Precisamente porque ella -la ética- no puede ser exclusiva de la dimensión intelectual del ser humano, es decir, no pertenece sólo al orden del saber y de la ciencia, implica una reflexión de la vida práctica de los individuos y por tanto del sentido de sus acciones, por lo cual, una persona puede ser identificada como ética o no, sólo a partir de la comprensión de sus actos, y no por lo que sabe (teóricamente) sobre estos temas.
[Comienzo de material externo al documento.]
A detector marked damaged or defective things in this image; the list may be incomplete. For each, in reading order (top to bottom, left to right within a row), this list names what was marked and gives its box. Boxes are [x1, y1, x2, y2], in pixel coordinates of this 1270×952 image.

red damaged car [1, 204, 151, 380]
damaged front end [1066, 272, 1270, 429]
La pregunta es la siguiente ¿si la ética persigue un tipo de conocimiento, cuál será este?, ¿cuál es el objeto de conocimiento de la ética? La respuesta que se ensaya desde la filosofía Aristotélica es la siguiente: saber elegir lo oportuno y pertinente en cada situación, tanto para uno mismo, como para los demás. Y en este caso, la elección de lo más oportuno o pertinente tiene que ver con el fin de la vida humana: la felicidad. Todos queremos ser felices (de eso no cabe duda), la pregunta siempre será ¿qué tenemos que hacer para ser felices? Esta pregunta encuentra su paralelo en el discurso religioso, cuando en el nuevo testamento el joven rico le pregunta a Jesús ¿qué tengo que hacer para alcanzar la vida eterna? La respuesta de Jesús es inmediata, “vende todo lo que tienes, dáselo a los pobres y sígueme”. Esta respuesta de Jesús, comprendida desde la Fe, no deja dudas de lo que se debe hacer para ser feliz, la claridad nace de la divinidad misma del Dios hecho hombre y compartida con los otros hombres. Pero aquí está el asunto, al fin y al cabo el que habla, dice e invoca, presentando el panorama con tal claridad es Dios, ser superior a la humanidad.
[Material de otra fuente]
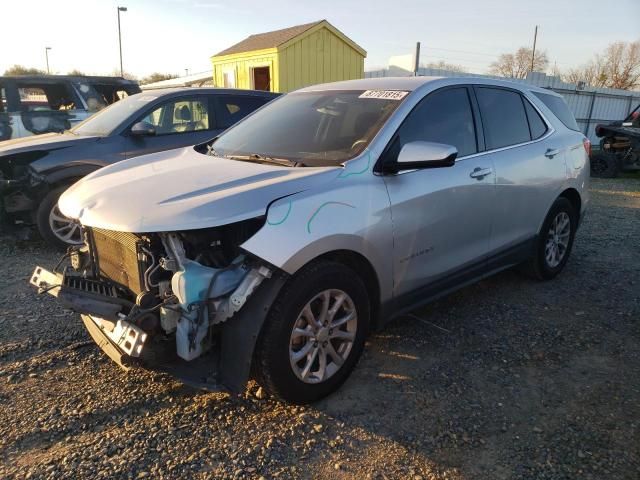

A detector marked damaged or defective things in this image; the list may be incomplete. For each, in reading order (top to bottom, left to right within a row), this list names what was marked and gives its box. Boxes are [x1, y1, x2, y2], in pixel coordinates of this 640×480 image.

front-end collision damage [30, 218, 290, 394]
Volviendo a la pregunta ¿qué tenemos que hacer para ser felices?, a diferencia de la respuesta que encontramos en el ámbito de la fe, esta no se hallará fuera de la esfera de la vida humana. Es decir, que dicha pregunta no será respondida por la divinidad (como acabamos de ver en el pasaje de Jesús y el joven rico), ni por cualquier ente extraño a la humanidad. Son los propios hombres y mujeres que deberemos responder y actuar, de tal modo que nuestras acciones nos conduzcan a la felicidad que todos anhelamos. Entonces será necesario saber, para poder actuar bien, qué es lo más apropiado u oportuno en cada caso, tanto para nosotros mismos, como para los demás, de modo que así nos acerquemos a la felicidad que buscamos.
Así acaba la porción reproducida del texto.